AUCKLAND PARK – SAPS responds to UJ’s social change research unit.

 

The University of Johannesburg (UJ) social change research unit recently revealed that the South African Police Service (SAPS) officials and government ministers misconstrued the Incident Registration Information System (IRIS) data, and in consequence misled Parliament and the public.

This was based on their recent study which analysed 156 000 detailed incident reports between 1992 and 2013. The unit claims SAPS officials manipulated civil unrest figures in the country to justify an extra R3.3 billion per year for public order policing. This premise is from the South African Police Service Data on Crowd Incidents: A Preliminary Analysis Report, which was launched by Professor Peter Alexander during a media engagement at the University of Johannesburg’s (UJ) Research Village, in the Auckland Park Bunting Road (APB) campus, on 27 May.

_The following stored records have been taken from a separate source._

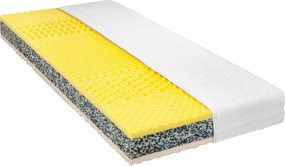 XXXLutz MATRAC, 90/200 cm Sleeptex - Matrace - 000759007401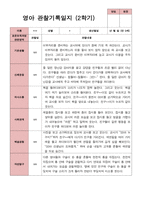 평가제 1학기 2학기 영아 관찰일지 만 0세 6명-7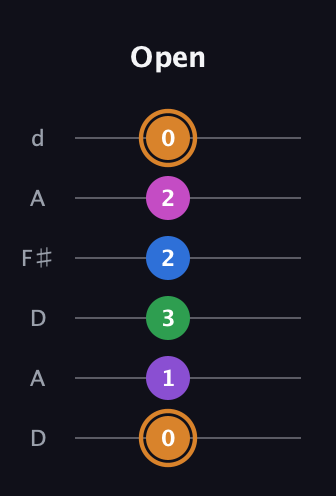D Diminished 7th Sharp 5th guitar tab — Open (0 1 3 2 2 0) in Open D Tuning (DADF♯AD)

Prof Alexander and his team obtained this information through the Promotion of Access to Information Act.

However, SAPS commented and said the findings of the research are a deliberate and distorted interpretation of the submission to the Portfolio Committee on Police.

“It is clear that this deliberate misinterpretation of facts supports the view held by some of the researchers that the police should not be involved in the management of protests. The information was clearly manipulated in order to suit this view,” said Lieutenant General Solomon Makgale.

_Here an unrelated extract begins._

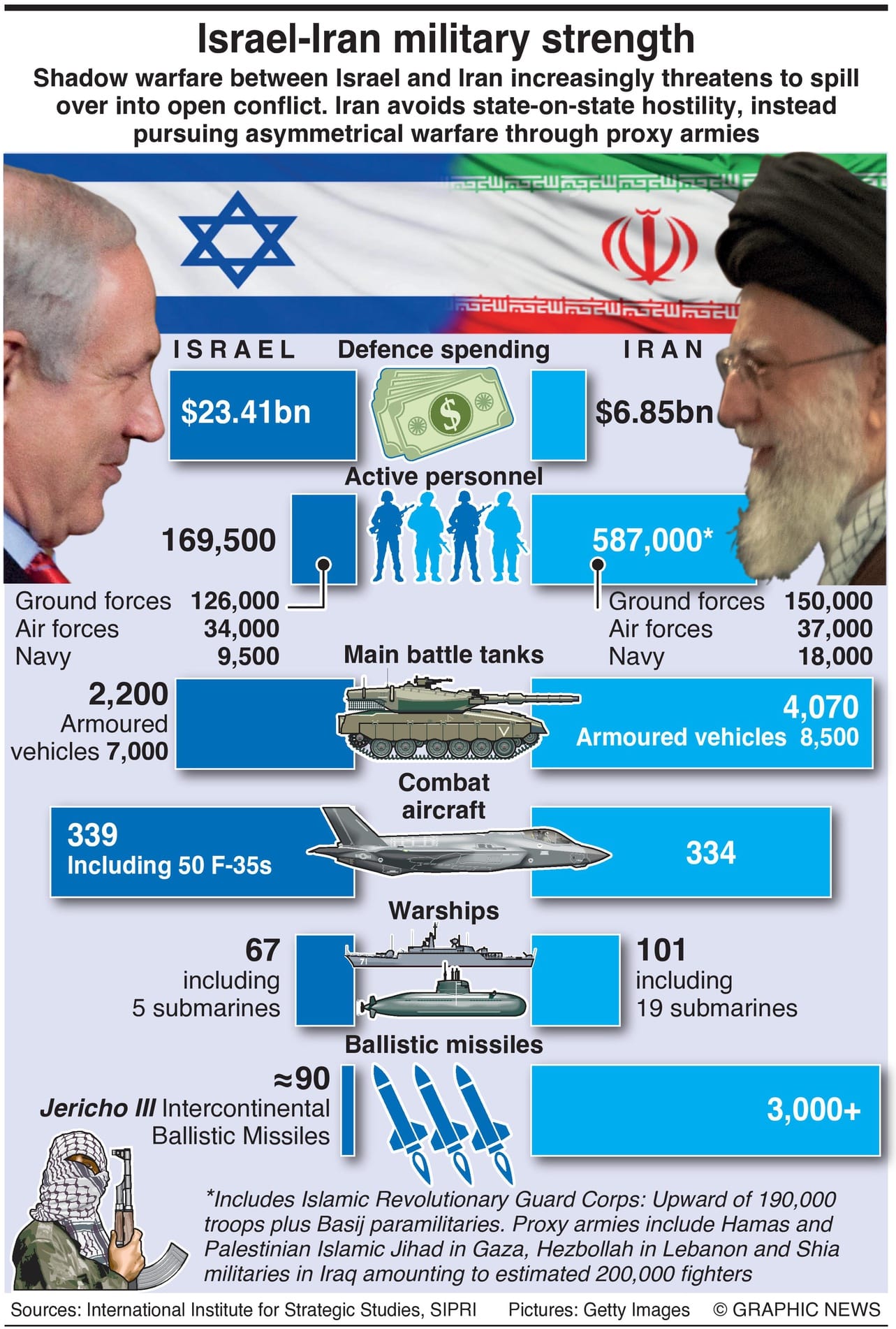 Iran-Israel Military Strength Compared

“The SAPS therefore did not conflate incidents and protests. Any crowd management action is defined as an incident, which will either be peaceful or termed as unrest. In other words incidents include all protest actions, peaceful gatherings and pure unrest incidents that cannot be justified as crowd management incidents like taxi violence, gang violence, ethnic and racial violence, demonstrations, political meetings, road barricades and revenge attacks by a small group of people,” Mokgale said.

The research report is under the auspices of the South African Research Chair Initiative (SARChI) in Social Change at UJ.